Given the need for station improvements, local community groups including RedWatch have been running campaigns for years to spur the government into action. Lift Redfern, an amalgamation of community groups, has circulated a petition with over 11,500 signatures calling for improved disability access at the station. Despite being one of the busiest stations in the network, only two of the twelve platforms have lifts. As Lift Redfern has publicised, “Redfern/Waterloo is home to one of the highest populations of social housing communities many of whom are elderly and frail”. Under federal law Redfern Station should be totally compliant with disability standards by 2022, but the state government has not made plans to achieve this goal publicly available.

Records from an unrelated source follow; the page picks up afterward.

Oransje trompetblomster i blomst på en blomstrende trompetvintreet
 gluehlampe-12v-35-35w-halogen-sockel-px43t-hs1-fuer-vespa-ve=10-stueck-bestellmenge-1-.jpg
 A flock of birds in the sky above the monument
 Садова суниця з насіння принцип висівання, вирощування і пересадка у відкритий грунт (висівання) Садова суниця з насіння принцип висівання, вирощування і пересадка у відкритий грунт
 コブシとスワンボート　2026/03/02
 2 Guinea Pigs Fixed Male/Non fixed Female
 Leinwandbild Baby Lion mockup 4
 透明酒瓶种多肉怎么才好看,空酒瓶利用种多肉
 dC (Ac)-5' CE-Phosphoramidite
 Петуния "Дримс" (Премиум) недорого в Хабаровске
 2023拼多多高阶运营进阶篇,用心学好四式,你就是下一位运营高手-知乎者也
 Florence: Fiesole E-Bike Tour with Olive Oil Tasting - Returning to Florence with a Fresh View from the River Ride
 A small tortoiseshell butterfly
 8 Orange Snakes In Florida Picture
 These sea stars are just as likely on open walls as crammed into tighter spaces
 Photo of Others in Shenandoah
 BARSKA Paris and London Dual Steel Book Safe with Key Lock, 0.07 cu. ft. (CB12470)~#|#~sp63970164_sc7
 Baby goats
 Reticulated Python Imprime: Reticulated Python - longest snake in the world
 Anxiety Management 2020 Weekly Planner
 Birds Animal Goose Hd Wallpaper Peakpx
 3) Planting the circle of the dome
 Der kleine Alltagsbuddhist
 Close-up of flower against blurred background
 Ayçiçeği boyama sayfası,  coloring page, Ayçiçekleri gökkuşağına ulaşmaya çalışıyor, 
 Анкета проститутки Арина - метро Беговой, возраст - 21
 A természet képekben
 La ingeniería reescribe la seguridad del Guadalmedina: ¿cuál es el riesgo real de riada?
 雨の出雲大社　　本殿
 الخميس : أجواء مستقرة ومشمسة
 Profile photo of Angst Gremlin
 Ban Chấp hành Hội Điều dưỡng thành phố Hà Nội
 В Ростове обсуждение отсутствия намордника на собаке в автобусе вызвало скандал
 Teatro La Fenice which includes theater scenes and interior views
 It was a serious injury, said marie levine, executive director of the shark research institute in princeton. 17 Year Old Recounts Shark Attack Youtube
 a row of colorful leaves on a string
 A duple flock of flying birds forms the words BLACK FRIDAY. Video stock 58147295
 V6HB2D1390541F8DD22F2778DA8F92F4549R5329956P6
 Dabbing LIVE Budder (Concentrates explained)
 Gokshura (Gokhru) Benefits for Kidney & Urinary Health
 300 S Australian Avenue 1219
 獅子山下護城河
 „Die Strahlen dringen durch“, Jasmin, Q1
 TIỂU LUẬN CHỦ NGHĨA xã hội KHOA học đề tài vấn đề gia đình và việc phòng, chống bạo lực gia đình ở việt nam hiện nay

40 per cent of USyd students use the station to commute to campus, and the University expects the student population to increase by 26,000 to 75,000 in the next two decades. Director of campus infrastructure services Greg Robinson has labeled Redfern Station “inadequate” while lobbying the state government unsuccessfully for light rail and metro, according to the Sydney Morning Herald. In 2015 the University lost out to Waterloo for a new metro station as part of the second harbour crossing, and the proposed West Metro is unlikely to go anywhere near the University. Three years prior, in 2012 UNSW prevailed over USyd for a light rail link. More recently, the state government has canceled light rail planning for Parramatta Road (and given Labor’s lack of support) it is unlikely to happen anytime soon. Given the absence of planned alternative transport options for the University, Redfern Station looks set to become increasingly important.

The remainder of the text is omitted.